Task objective » From the entries below, print exactly the span beginning with the line holding "Close-up of an" and ending with the line holding "NNN Teak Shower", endpoints included, and skip any pictures.

Data to use »
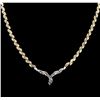 Image 1 : 14KT White and Yellow Gold 8.84 ctw Diamond Necklace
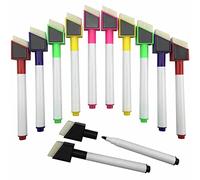 BARGAIN FACTORY Whiteboard Markers, 12 Pieces Whiteboard Pens and Eraser set, Fine Tip Color Whiteboard Pen for All Ages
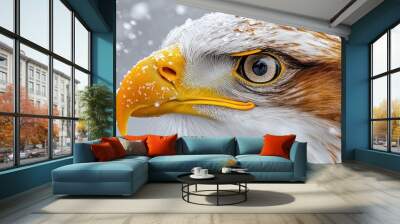 Close-up of an eagle on clean white Wall mural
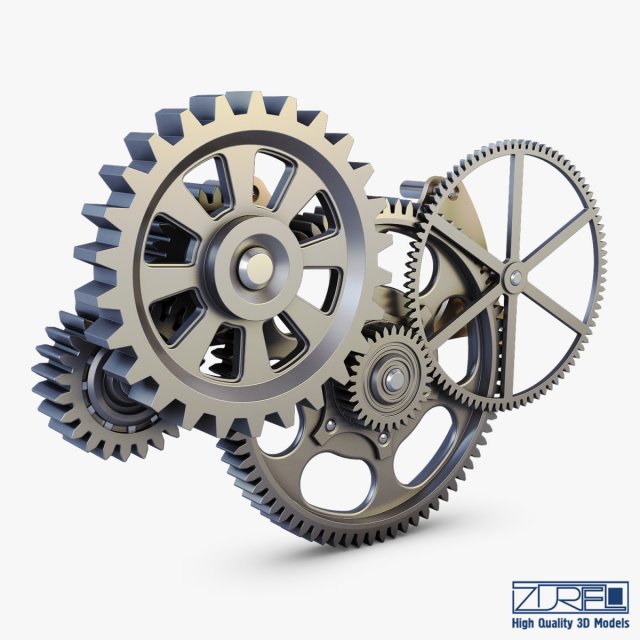 gear mechanism v 6 Model 3D .c4d .max .obj .3ds .fbx .stl .blend 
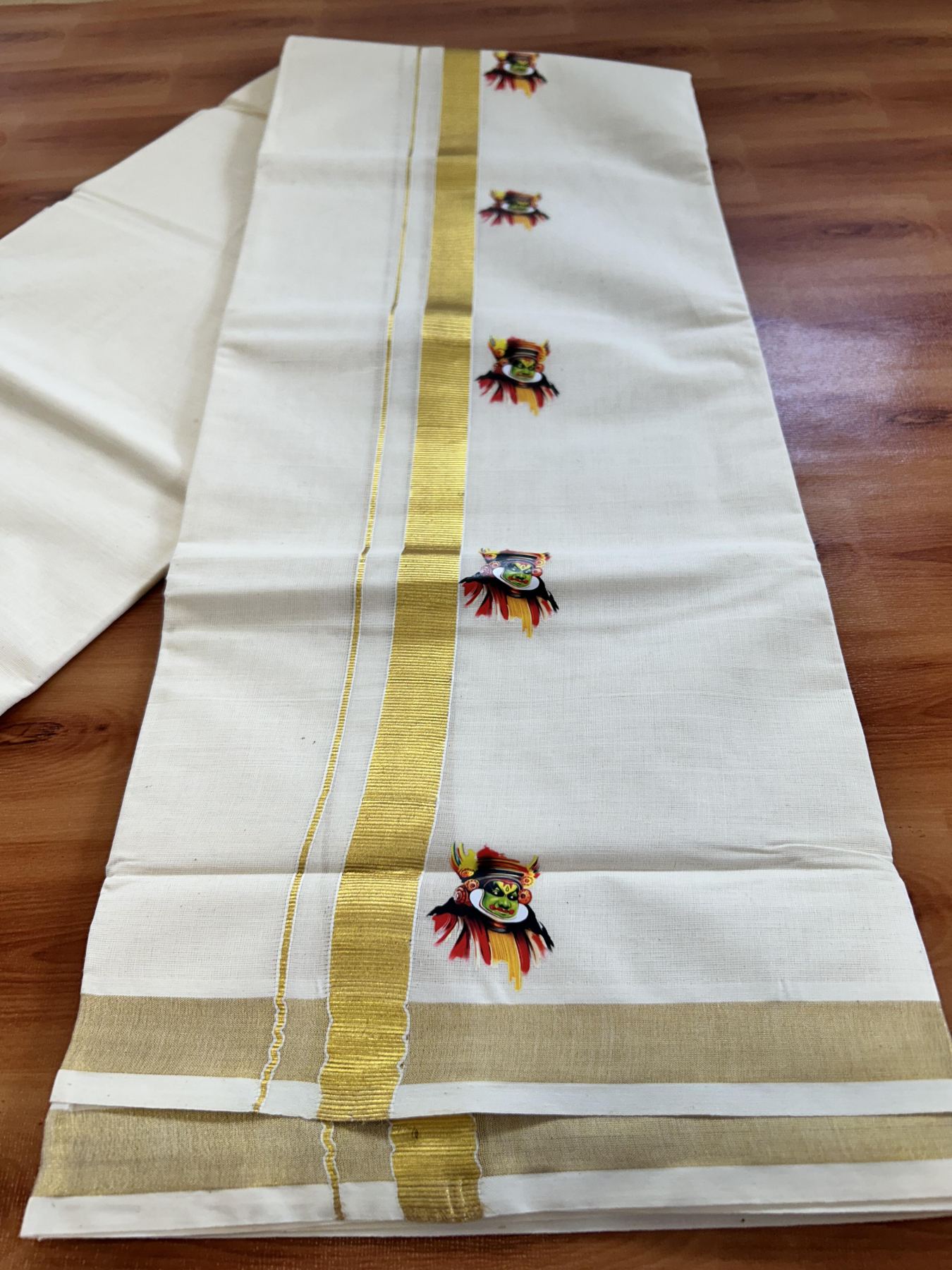 Double Off White - (Unbleached) Mundu/Dhoti- 20% Discount!! KaithariKada Balaramapuram 100% Cotton (60s) - 1 inch Gold Kasav & Kadhakali Printed Kara - 16 KK5415 GAN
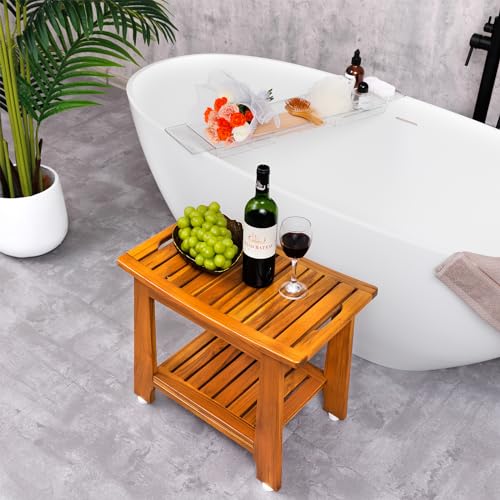 NNN Teak Shower Bench Seat with Handle 18 Inch/Teak Wood Shower Stool with Shelf/Wooden Bathroom Spa Bathing Stool/Waterproof, Indoor and Outdoor Use,Patented Design. NNN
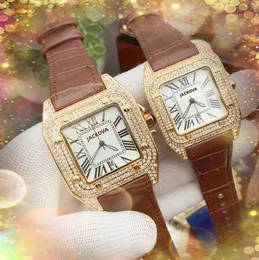 Paar Quartz Fashion Mens Womens Uhren Auto Date Square R￶mische Diamanten Ring H￼lle Watch Echtes Lederg￼rtel Tank Serie Kalender Armbandwatch Montre de Luxe Geschenke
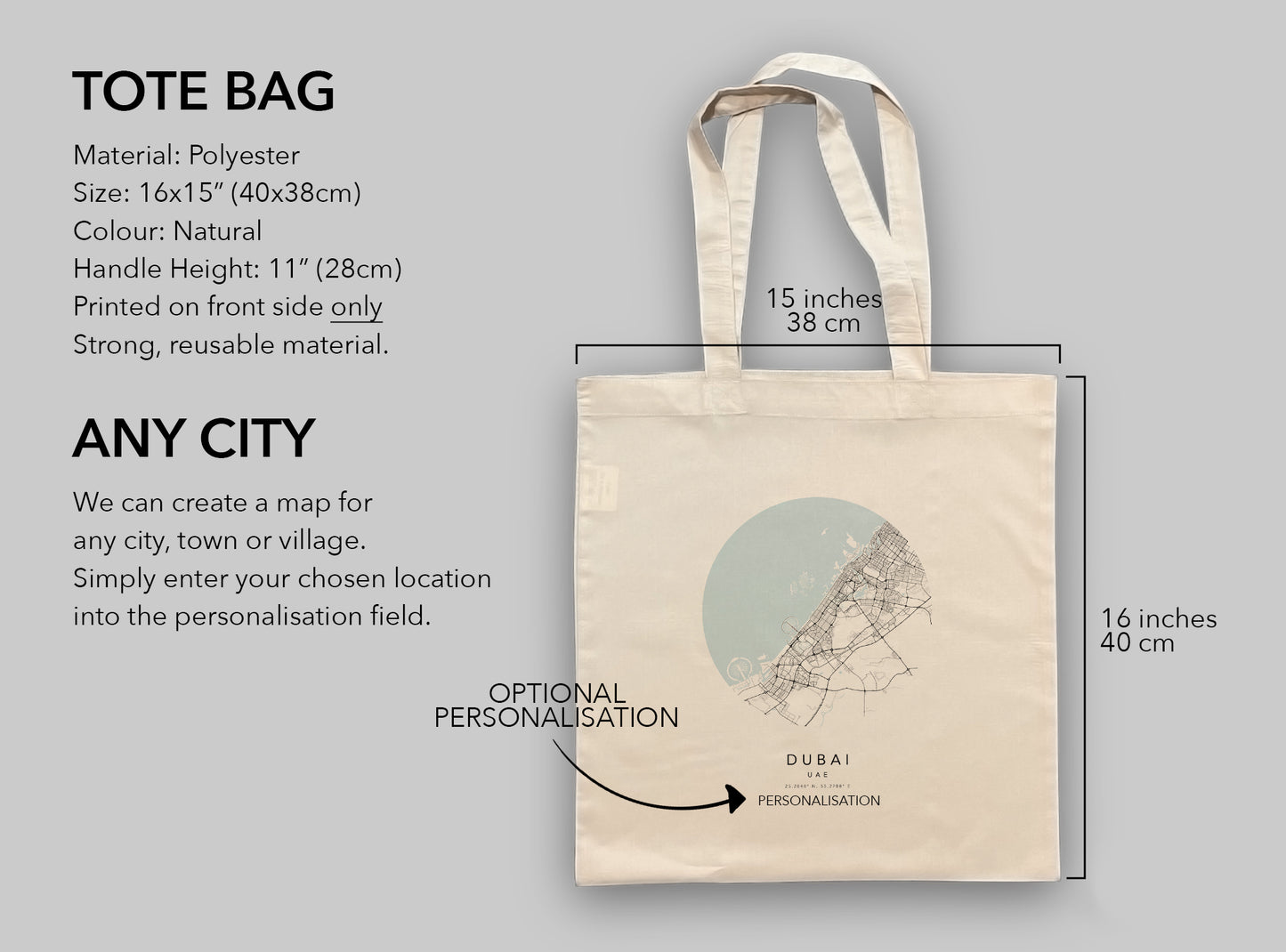 Dubai Personalised City Map Tote Bag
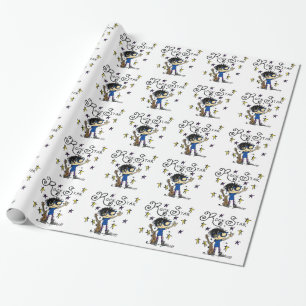 Black Hair Boy Rock Star Wrapping Paper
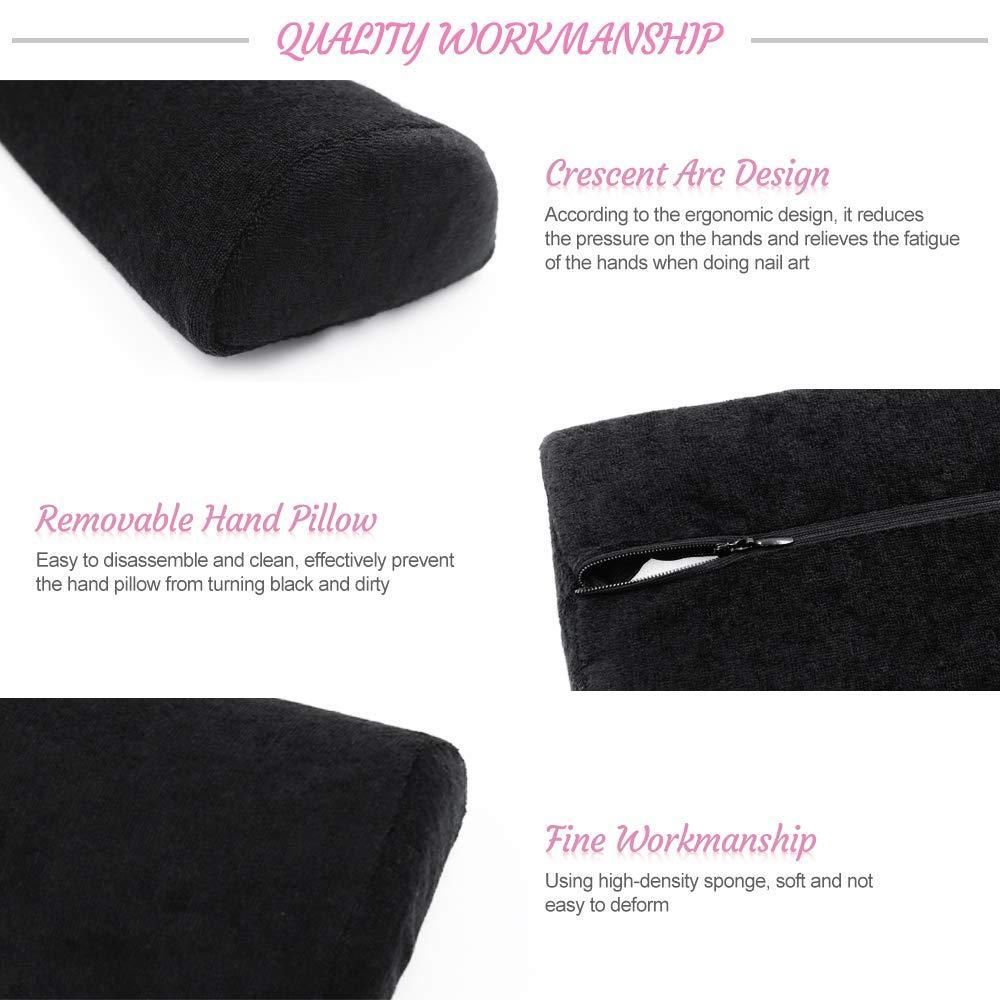 Nail Cushion Wrist Support, Black for Manicure UV Gel Acrylic Nails - Image 5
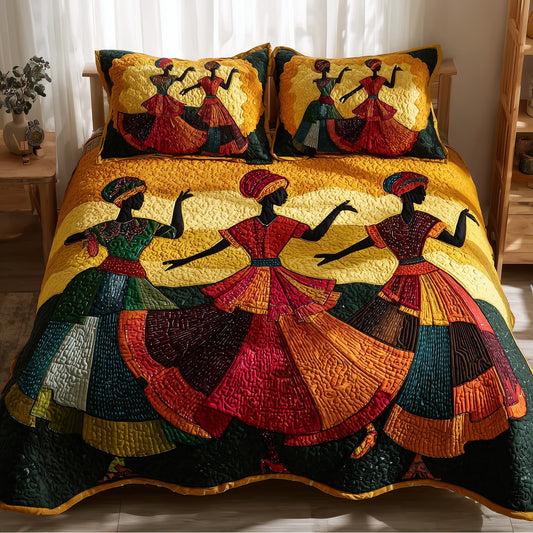 Traditional Dancing 3-Piece Quilted Bedding Set GFTOTL4124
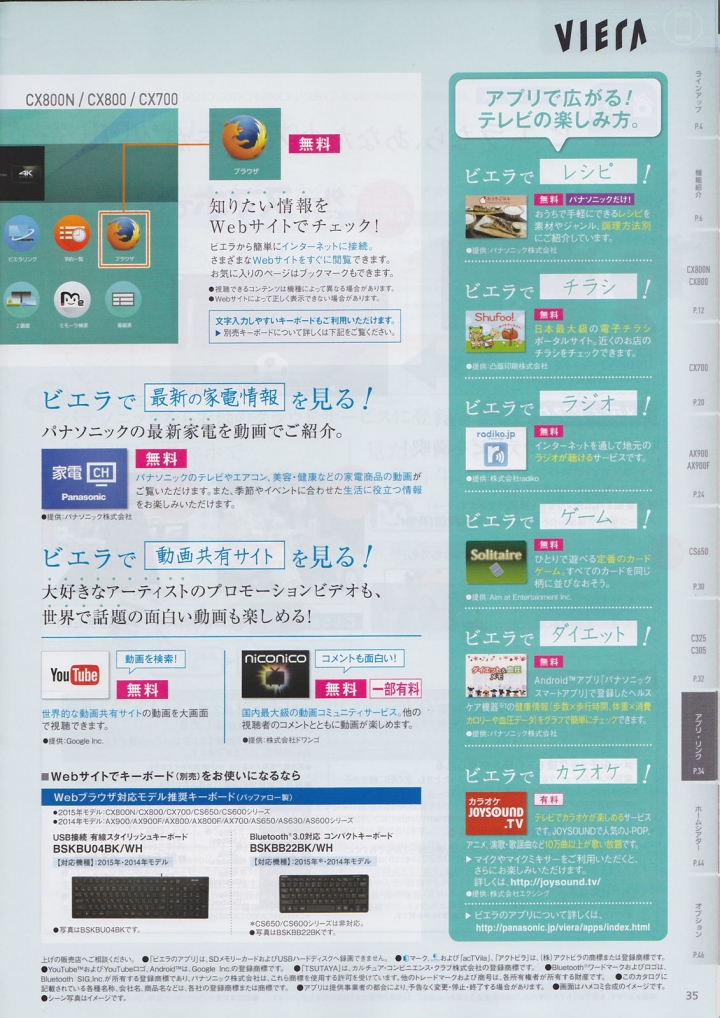 Panasonic 2015 冬季 日規電視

Solution to this exercise »
 Close-up of an eagle on clean white Wall mural
 gear mechanism v 6 Model 3D .c4d .max .obj .3ds .fbx .stl .blend 
 Double Off White - (Unbleached) Mundu/Dhoti- 20% Discount!! KaithariKada Balaramapuram 100% Cotton (60s) - 1 inch Gold Kasav & Kadhakali Printed Kara - 16 KK5415 GAN
 NNN Teak Shower Bench Seat with Handle 18 Inch/Teak Wood Shower Stool with Shelf/Wooden Bathroom Spa Bathing Stool/Waterproof, Indoor and Outdoor Use,Patented Design. NNN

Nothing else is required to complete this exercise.